Personal information
- Full name: Timothy Edward Coleman
- Born: 19 June 1971 (age 55) Wellingborough, Northamptonshire, England
- Batting: Right-handed
- Bowling: Right-arm off break

Domestic team information
- 1999, 2001: Northamptonshire Cricket Board

Career statistics
| Competition | LA |
| Matches | 4 |
| Runs scored | 214 |
| Batting average | 53.50 |
| 100s/50s | –/2 |
| Top score | 82 |
| Balls bowled | – |
| Wickets | – |
| Bowling average | – |
| 5 wickets in innings | – |
| 10 wickets in match | – |
| Best bowling | – |
| Catches/stumpings | –/– |
- Source: Cricinfo, 21 November 2010

= Tim Coleman (cricketer, born 1971) =

English cricketer

Timothy Edward Coleman (born 19 June 1971) is a former English cricketer. Coleman was a right-handed batsman and bowled right-arm off break. He was born in Wellingborough, Northamptonshire.
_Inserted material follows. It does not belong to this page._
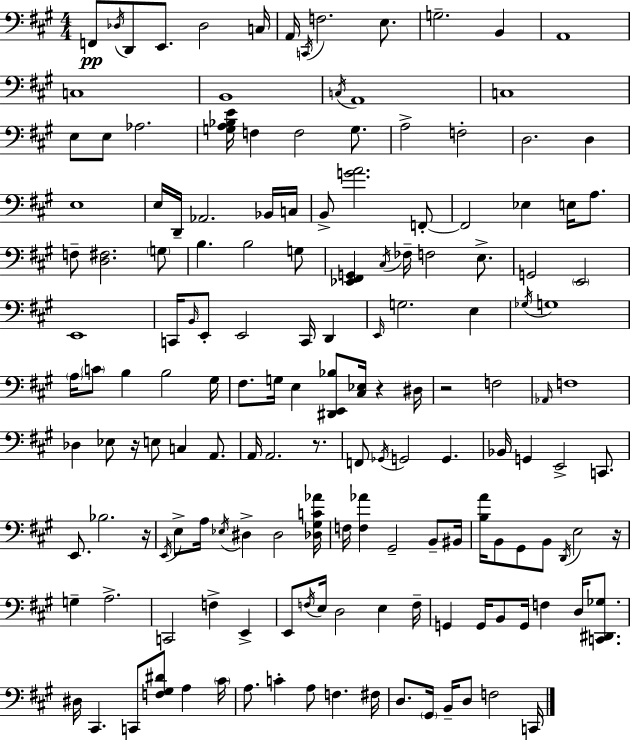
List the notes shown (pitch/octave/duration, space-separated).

F2/e Db3/s D2/e E2/e. Db3/h C3/s A2/s C2/s F3/h. E3/e. G3/h. B2/q A2/w C3/w B2/w C3/s A2/w C3/w E3/e E3/e Ab3/h. [G3,A3,Bb3,E4]/s F3/q F3/h G3/e. A3/h F3/h D3/h. D3/q E3/w E3/s D2/s Ab2/h. Bb2/s C3/s B2/e [G4,A4]/h. F2/e F2/h Eb3/q E3/s A3/e. F3/e [D3,F#3]/h. G3/e B3/q. B3/h G3/e [Eb2,F#2,G2]/q C#3/s FES3/s F3/h E3/e. G2/h E2/h E2/w C2/s B2/s E2/e E2/h C2/s D2/q E2/s G3/h. E3/q Gb3/s G3/w A3/s C4/e B3/q B3/h G#3/s F#3/e. G3/s E3/q [D#2,E2,Bb3]/e [C#3,Eb3]/s R/q D#3/s R/h F3/h Ab2/s F3/w Db3/q Eb3/e R/s E3/e C3/q A2/e. A2/s A2/h. R/e. F2/e Gb2/s G2/h G2/q. Bb2/s G2/q E2/h C2/e. E2/e. Bb3/h. R/s E2/s E3/e A3/s Eb3/s D#3/q D#3/h [Db3,G#3,C4,Ab4]/s F3/s [F3,Ab4]/q G#2/h B2/e BIS2/s [B3,A4]/s B2/e G#2/e B2/e D2/s E3/h R/s G3/q A3/h. C2/h F3/q E2/q E2/e F3/s E3/s D3/h E3/q F3/s G2/q G2/s B2/e G2/s F3/q D3/s [C2,D#2,Gb3]/e. D#3/s C#2/q. C2/e [F3,G#3,D#4]/e A3/q C#4/s A3/e. C4/q A3/e F3/q. F#3/s D3/e. G#2/s B2/s D3/e F3/h C2/s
Coleman represented the Northamptonshire Cricket Board in List A cricket. His debut List A match came against Wiltshire in the 1999 NatWest Trophy. In 1999 and 2001, he represented the Board in 4 List A matches. Northamptonshire Board beat Yorkshire Cricket Board in the 2nd round of the 2001 Cheltenham & Gloucester Trophy Coleman scoring 82 runs and the Man of the Match award . He made a half century 68 in round 3 against Northamptonshire County Cricket Club . In his 4 List A matches, he scored 214 runs at a batting average of 53.50, with 2 half centuries and a high score of 82.

Coleman also played MCCA Knockout Trophy cricket for Cambridgeshire, making his debut for the county against Norfolk and playing 3 further Trophy matches in the 2000 season.
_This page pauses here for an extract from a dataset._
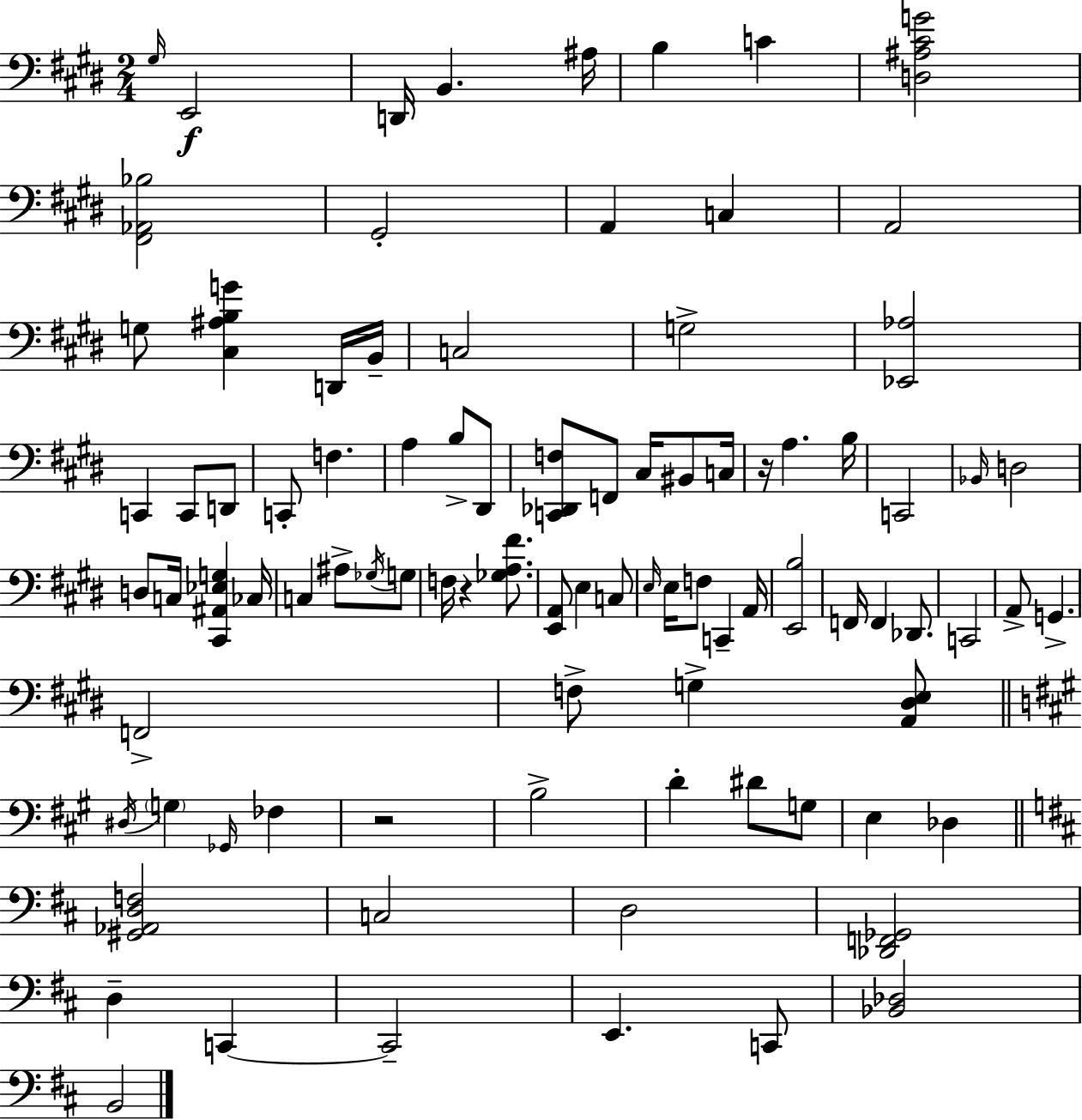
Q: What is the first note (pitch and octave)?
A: G#3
He played league cricket for Finedon Dolben(6) and Wellingborough Town(1) with 7 Premier league titles . He made 35 Northamptonshire league Centuries, 21 of which were in the Premier Division.

Coleman also had 24 Caps playing 8 a side Indoor cricket for England 1991–1998. Playing in 2 world Cups, with the England Team he toured Australia twice, South Africa twice and New Zealand once.